Jackson was a working horse — he ferried the farm manager’s kids to and fro on his back — he was the gentlest horse on the farm and could be trusted not to buck them. From time to time, he’d also pull a cart behind him when it was time to seed a far pasture. I witnessed him loving that work, because he was safe in doing it, loved all the way through it, and rewarded for it in the end, and I have to think that he felt like a productive and valued part of our little microcosm of a community. The farm manager had 8 kids and every one of them loved all of the animals on the farm (the cattle were dairy), and the animals knew it.

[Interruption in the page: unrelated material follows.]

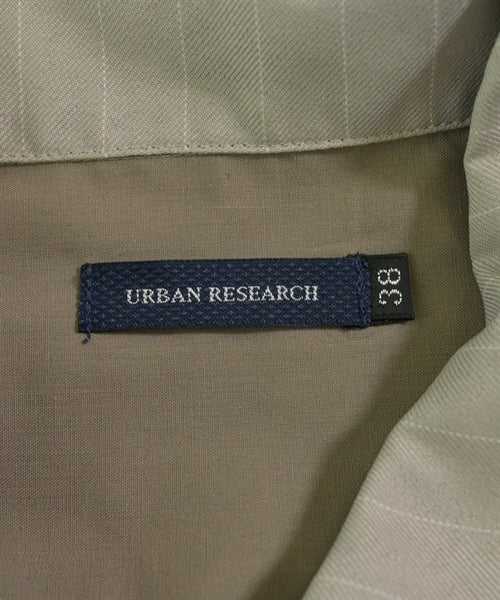 URBAN RESEARCH แจ็คเก็ตเบลาส์ อื่น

I don’t know. I think that every creature on earth is here for a reason, and that they find purpose in doing what they were meant to do. They/we may not always be able to articulate the joy of living and doing, but it’s there. A squirrel finds as much satisfaction in the hunt for the nut as in the finding of that nut, because that’s what squirrels do. A dog has a special relationship with humans that makes them want to please us so that we can, in turn, please them. Even the lowly possum is overjoyed when he can surprise me in the parking garage and make me drop that cantaloupe from my grocery bag so he can eat it. (<–that really happened last week). A tiger, a lion, a leopard — do they not find something like satisfaction in being the kings of the grassland, able to sustain the antelope herds by weeding out the weak and at the same time, feeding their families? And, let’s not forget the bane of my existence, the thousand-legger. I have to believe that they have a purpose on earth, which is making the lazy among us get up off of our asses from time to time and seriously scrub everything in the house after we see one skittle across the floor.
All that said, given the relationship we have with horses, it’s not out of the realm of possibility that they might believe they have a higher purpose. And, if not, that they’d like to work for us, because we feed and shelter and brush and snuggle them.
Only some of them, though. It seems like the horses that we put blinders on and hook buggies to and make trot around busy city streets aren’t getting any benefit from their association with us. That breaks my heart. And, if Lou were still here, it’d break his, too.